Influenza viruses continue to cause substantial morbidity and mortality worldwide. Fast gene mutation on
surface proteins of influenza virus result in increasing resistance to current
vaccines and available
antiviral drugs.
Broadly neutralizing antibodies (
bnAbs) represent targets for prophylactic and therapeutic treatments of
influenza. We performed a systematic bioinformatics study of cross-reactivity of
neutralizing antibodies (nAbs) against influenza virus
surface glycoprotein hemagglutinin (HA). This study utilized the available crystal structures of HA complexed with the
antibodies for the analysis of
tens of thousands of HA sequences. The detailed description of
B-cell epitopes, measurement of
epitope area similarity among different strains, and estimation of
antibody neutralizing coverage provide insights into cross-reactivity status of existing nAbs against influenza virus.
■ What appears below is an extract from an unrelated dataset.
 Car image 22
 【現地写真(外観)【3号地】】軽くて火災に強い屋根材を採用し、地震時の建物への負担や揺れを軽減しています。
We have developed a method to assess the likely cross-reactivity potential of
bnAbs for
influenza strains, either newly emerged or existing. Our method catalogs
influenza strains by a new concept named discontinuous
peptide, and then provide assessment of cross-reactivity. Potentially cross-reactive strains are those that share 100% identity with experimentally verified neutralized strains. By cataloging
influenza strains and their
B-cell epitopes for known
bnAbs, our method provides guidance for selection of representative strains for further experimental design. The knowledge of sequences, their
B-cell epitopes, and differences between historical
influenza strains, we enhance our preparedness and the ability to respond to the emerging pandemic threats.